Jean Tirole, prix Nobel d’économie 2014, professeur d’études au MIT, à L’Opinion.fr .

 

Joachim Schellnhuber : « Le texte ne rend pas opérationnel l’objectif de long terme »

« [Une partie] du texte ne rend pas opérationnel l’objectif de long terme. Stabiliser les températures implique de s’orienter vers zéro émission à l’échelle planétaire d’ici à 2050, pour avoir une chance d’y parvenir. Or, la formulation actuelle propose la « neutralité des émissions » au cours de la deuxième moitié du siècle.(…) La COP21 va envoyer un signal au marché, mais ce sont aux villes et aux citoyens de finir le job. »
Joachim Schellnhuber, directeur du Potsdam Institute for Climate Impact Research (PIK), à La Croix.fr.

 

Nicolas Hulot : « La date de la première révision obligatoire est trop tardive »

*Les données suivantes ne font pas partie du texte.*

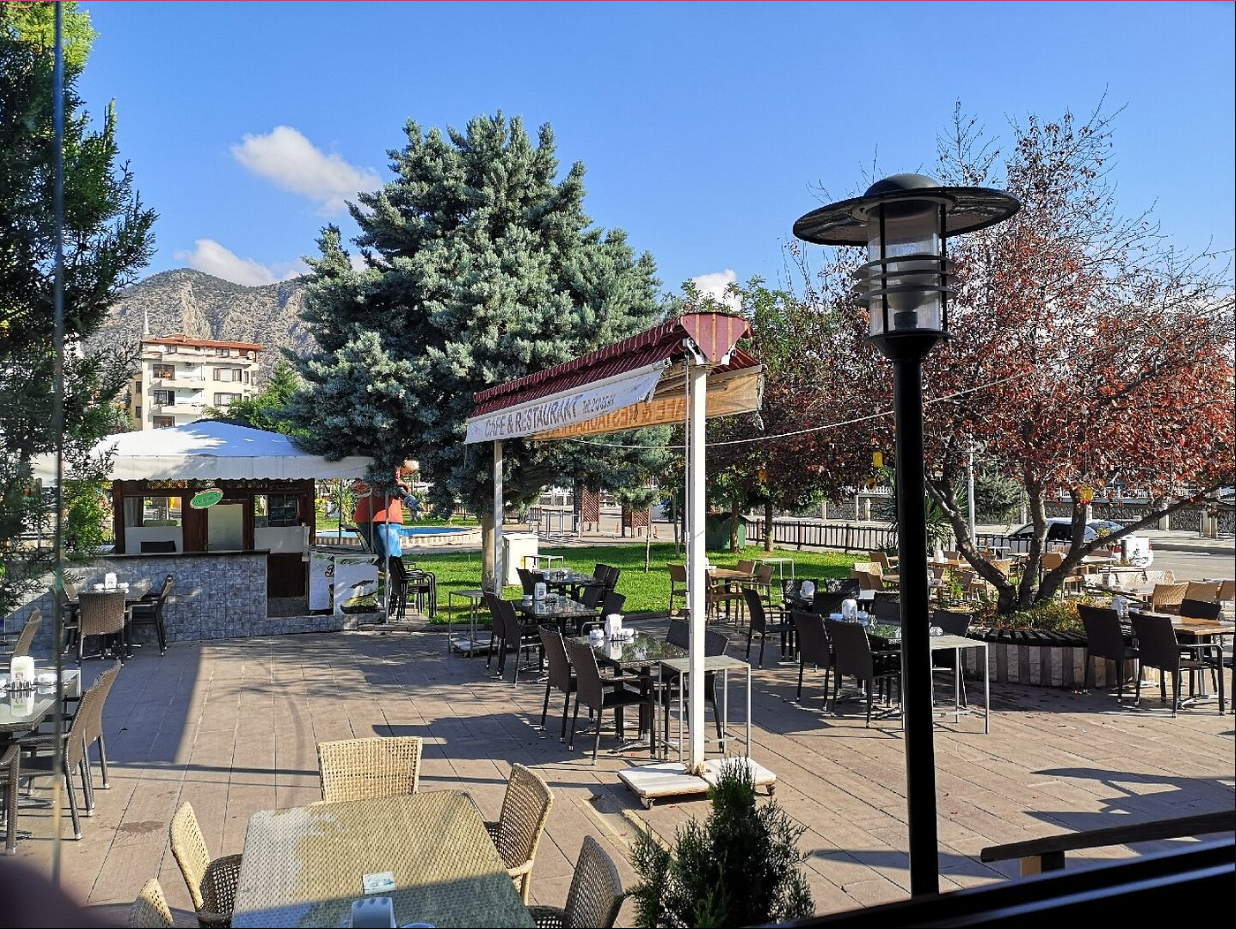 Hasbahçe cafe alanı, kahve ve içecek servisi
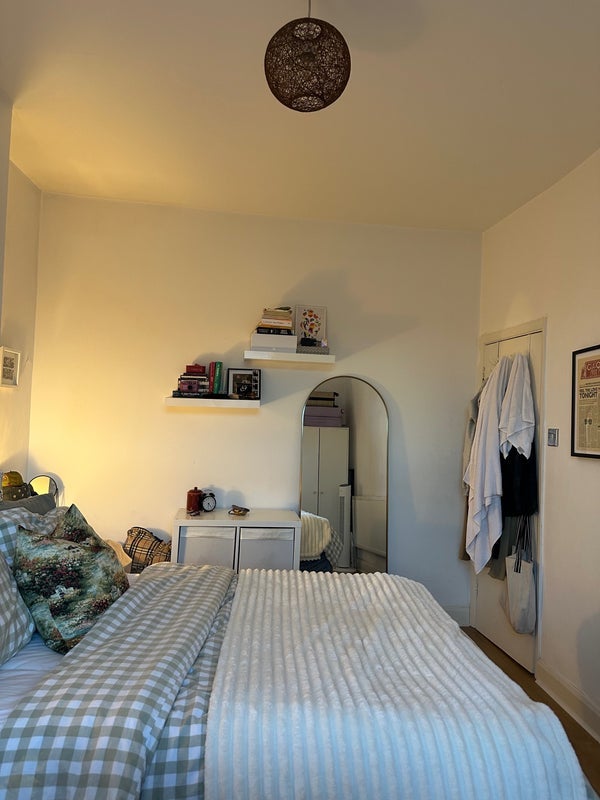 Room Balham High Road in Greater London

« L’avenir seul confirmera si l’accord de Paris est historique. Tout dépendra des moyens mis en œuvre pour réaliser les engagements de tous les États. Il faudra également revoir à la hausse le plus vite possible les engagements des États les plus développés. »
Nicolas Hulot, envoyé spécial de François Hollande pour la protection de la planète dans une lettre adressée à la presse.
« La date de la première révision obligatoire [des engagements des parties, prévue tous les cinq ans, NDLR] est trop tardive, puisqu’elle est prévue en 2025. Ce seraient dix ans de perdu. Il faut obtenir que des pays décident volontairement de réviser leurs engagements avant 2020. »
Nicolas Hulot, par le biais de la fondation Nicolas Hulot.

Kumi Naidoo : « Trop peu d’aide pour les populations les plus touchées »

« [L’accord va] nous aider à nous désembourber [de la crise climatique], mais il est loin d’être satisfaisant (…). L’injustice transpire dans ce texte. Les pays à l’origine du problème ont promis trop peu d’aide pour les populations sur les lignes de front du dérèglement climatique, qui sont déjà en train de perdre leurs moyens de subsistance et la vie. »
Kumi Naidoo, directeur de Greenpeace International au Monde.fr.

Maxime Combes : « Nous avons affaire à un accord non contraignant »

« La mention d’un objectif d’1,5°C ne saurait masquer l’absence d’engagements chiffrés de réduction d’émissions de GES pour les années à venir ; sans feuille de route clairement établie, y compris en matière d’aide au financement, nous avons affaire à un accord sans ambition, non contraignant, injuste et clairement déséquilibré. »
Maxime Combes, porte-parole d’Attac France pour l’Humanité.fr.